Ela estava junto à porta, cosida com o vidro, embrulhada num xaile de lã cinzento que fazia cruz no peito e se prendia com uma laçada sobre os rins. Era velha, muito velha. Tinha o rosto e o cabelo molhados pela chuva miudinha atirada pelo vento frio, as mãos enrugadíssimas seguravam um molhe de rosas brancas, tristes e já a desfolhar... Ela olhou-me e sorriu ao ver que eu ficava parada junto à porta: Leva rosinhas, amor. Leva que são baratinhas, são as últimas, faço-te um desconto...! Que idade teria? Olhei-a com atenção e reparei nos olhos azuis, tão azuis...!, no avental desbotado, nas meias de lã velhas e gastas, no sorriso com poucos dentes... A seus pés, jaziam mais dois molhos de rosas entristecidas e com ar selvagem... E ela continuava a cantilena, o pregão, impingindo-me as últimas rosas que lhe dariam o direito de regressar a casa: Compra linda, amanhã é o dia da mãe, ela vai gostar...!  Já só tenho estas e as mães gostam de rosas brancas! Sorri-lhe e expliquei-lhe que não podia dar flores à mamã, o gato cisma com elas, come-as todas, derruba as jarras e ela enerva-se muito... Calou-se, desconsolada. Leva-as para ti amor, tens filhos? - tentou sem se render. Sim, falei-lhe dos meus filhos. E ela falou-me da mãe morta há mais de quarenta anos - Não há dia nenhum que não chore pela minha mãezinha! - dos filhos que não teve e do homem que a deixou. Falou-me das rosas e dos legumes que tem no quintal - Eu não ando a pedir menina, eu ganho o meu dinheiro! -  da chuva e do vento que lhe partiu tudo, da bicicleta com o pneu furado que a tinha obrigado a vir a pé, da vida que vivia sozinha - Enterrei a minha família toda, já só falto eu... Não sei quem me vai enterrar a mim... E dentro do meu peito nasceu uma tristeza infinita porque no meu país há velhos a sobreviver nas ruas à chuva, que vivem sozinhos em casas vazias, desprotegidos, à mercê deles mesmos... Velhos que morrem sozinhos, desamparados, e ninguém dá pela falta deles até que o cheiro dos cadáveres denuncia a morte aos vizinhos... Leva amor, são as últimas... As flores estavam feias e ela pedia uma ninharia por elas... Estendi-lhe uma nota e vi o desalento: Não tenho troco, amor... Não fazia mal, ficava assim, era para ela tomar um leite quente, comer qualquer coisa e ir de autocarro para casa - Ainda mais azuis, os olhos brilharam: Obrigada amor, a mãezinha vai gostar, vais ver, agora só se dá perfumes e jóias, é um disparate! - As mães gostam é de rosas!!! 
Deixei as rosas no jazigo da minha avó.
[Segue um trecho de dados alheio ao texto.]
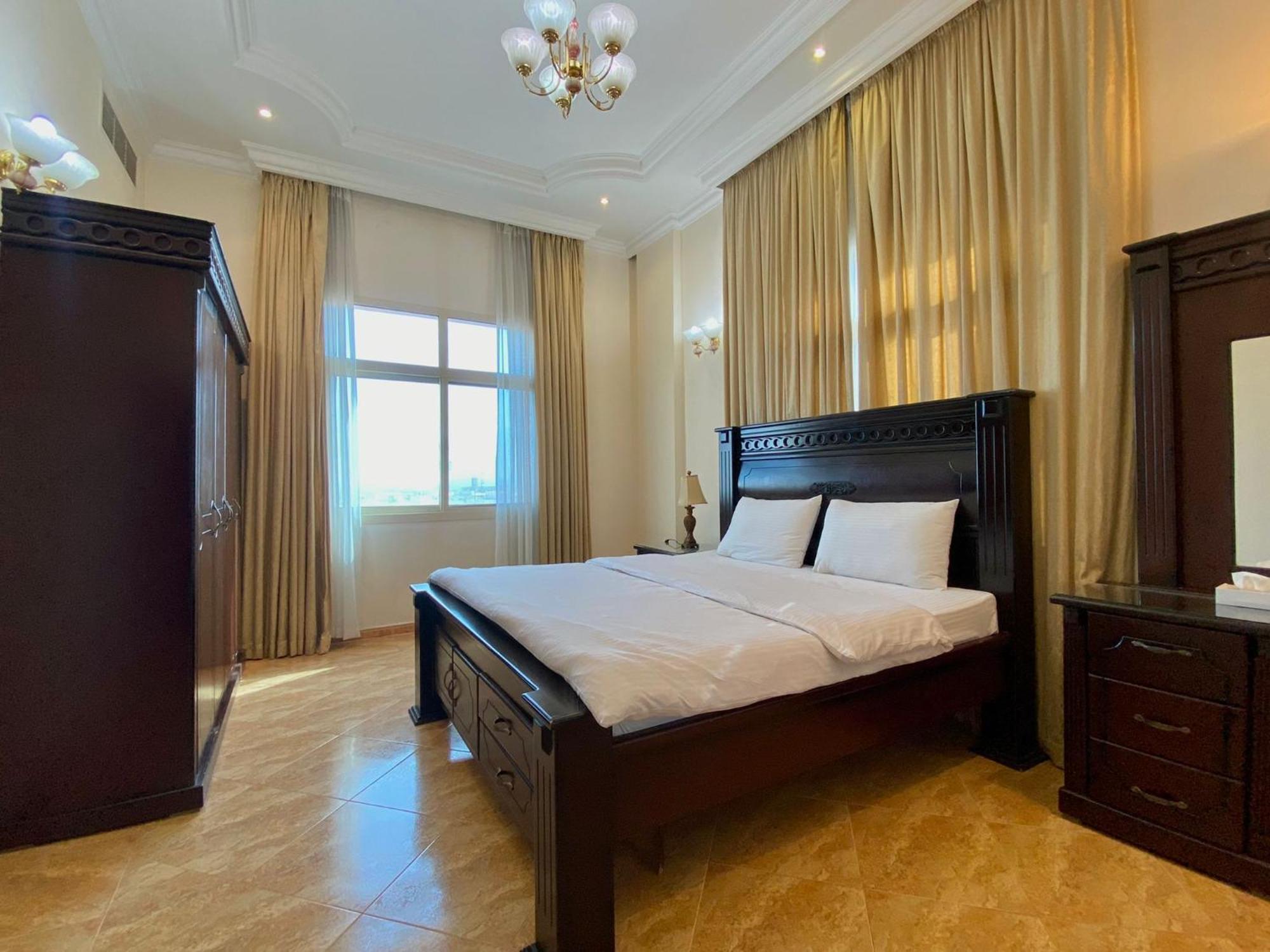 Al Misrea Tower Apartment Manama Luaran gambar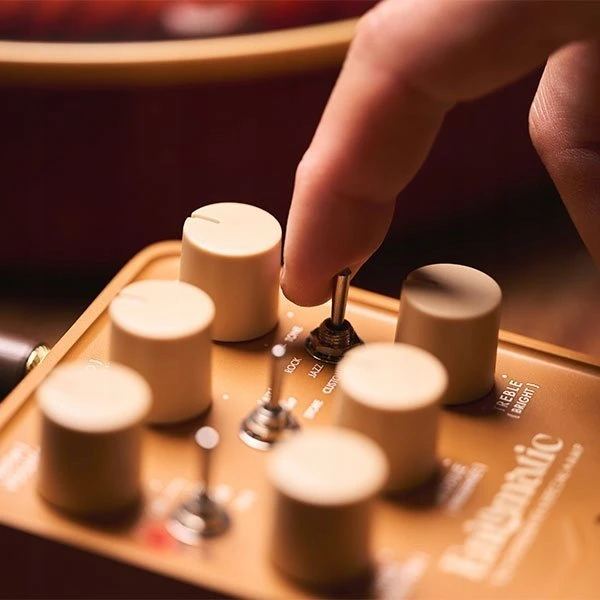 Gitaros Efektas - Universal Audio UAFX Enigmatic '82 Overdrive Special Amp
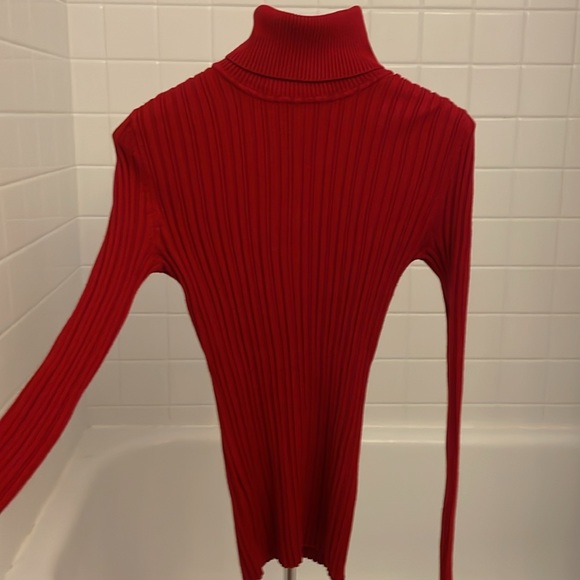It’s Our Time Turtleneck red sweater, size L. Stretchy, soft and delicate - Picture 9 of 17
Ela não se importaria por estarem velhas e desfolhadas... Também ela - eu sei - teria ficado com um nó no peito se conhecesse aquela velhinha que há quarenta anos chora pela mãe, que neste domingo não tem a quem abraçar, e no meio do silêncio em que vive, nunca ouviu nem ouvirá ninguém dizer-lhe que é a melhor mãe do mundo.